Workshop on Reading Scientific Literature

As a reminder, we will be doing a workshop on reading scientific papers on Thursday during our normal chemistry slot (9-11 am).

Choose one of the peer-reviewed sources you found for your project and bring a printed copy to the workshop. If possible, make sure the paper you choose is an original research article rather than a review article.

It is a good idea to bring writing implements that will help you annotate in different colors (highlighters, gel pens in different colors, colored pencils). 

“Mini-posters” for Rocket Lab Report

I have had some questions on the format for the “mini-poster” reports for Rocket Lab. Perhaps the best way to explain your task is this:

Imagine that you are presenting your results from the Rocket Lab at Science Carnival (or  similar event). Your “poster” will be presented on a tri-fold board of the sort you might have used for your elementary school science fair. However, you are not allowed to access the tri-fold board until two minutes before the event starts. Therefore, you must have all of the information for your poster printed out on regular 8.5″ x 11″ paper before you show up at the event, so you can just tape it on the tri-fold board when you arrive.

Create the four pages described in your lab manual. These are the *only* pages you get to attach to your tri-fold board so they must be self-contained.

I realize that the poster tour assignment isn’t due until next week, and you haven’t had formal instruction in how to create a poster yet. Draw on what you have seen in posters around the Lab buildings as well as the principles we covered when we talked about Powerpoint presentations last quarter. The point of this assignment is to get you thinking (and discussing with others) the best way to present all pertinent information! (Note to perfectionists: you will have another chance to do a mini-poster for experiment 11 so this is not your only chance to get things right.)

 

Notes for Week 13

A few items that we forgot to announce during our weekly wrap:

  1. There will be NO quizzes in any subjects next week.
  2. Please bring your energy bill to class on Monday as we will be discussing them during the normal Math quiz time.
  3. There is no Chemistry homework due on Monday.
  4. A reminder that your Energy Project Proposals are due 9am Monday January 22.

Chemistry: Prepping for Colas lab week 2

The pre-lab for part 2 of the Analysis of Colas lab (1/16) asks you to create a detailed scheme for creating a very precise calibration curve. In order to create the best calibration curve you can, please:

  1. Graph your calibration curve from week 1, do a linear fit and get an R squared value. Remember that a perfect line has R squared = 1. If your value is below 0.9 (or even if it’s above), consider how to improve it…
  2. Talk to people from at least two other groups about how they created their calibration curves and what their R squared value was. Think about whether incorporating some of their methods might improve the precision of your own.

Last Chemistry Assignments

As mentioned in a previous post, the Chemistry quiz will be on Tuesday in Week 9. However, chemistry quiz revisions are not due until the usual time on Thursday.
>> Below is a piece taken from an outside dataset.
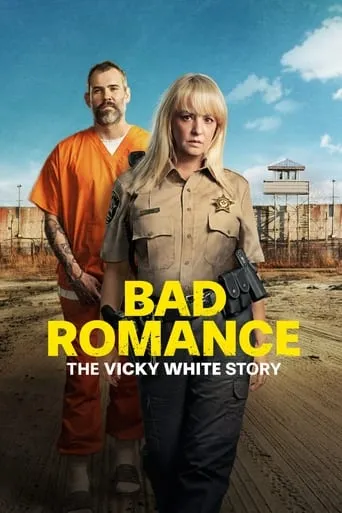 Bad Romance: The Vicky White Story movie poster - Rated 8/10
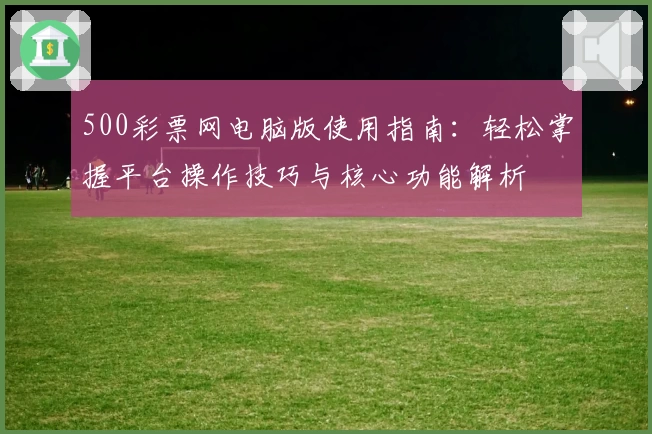 500彩票网电脑版使用指南：轻松掌握平台操作技巧与核心功能解析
Please also remember that you have the following chemistry assignments due in Week 9:

(1) Lab write-up for the ionic compound lab following the guidelines in your lab manual. This should be written individually and is due at the start of lab on Tuesday morning.

(2) Powerpoint presentation on the ionic compound lab. You and your group will put together the slides and present before the class during your normal lab time. The Powerpoint presentation on putting together a good Powerpoint presentation is in the file share under the Chemistry Handouts, Lab folder. A copy of the rubric we will be using to evaluate the presentations will be uploaded to the file share later (I am having server problems right now) and is also attached below.

Please email Robin a copy of your group’s Powerpoint before you arrive in class so all of the presentations can be loaded on the computer and ready to go in a timely fashion.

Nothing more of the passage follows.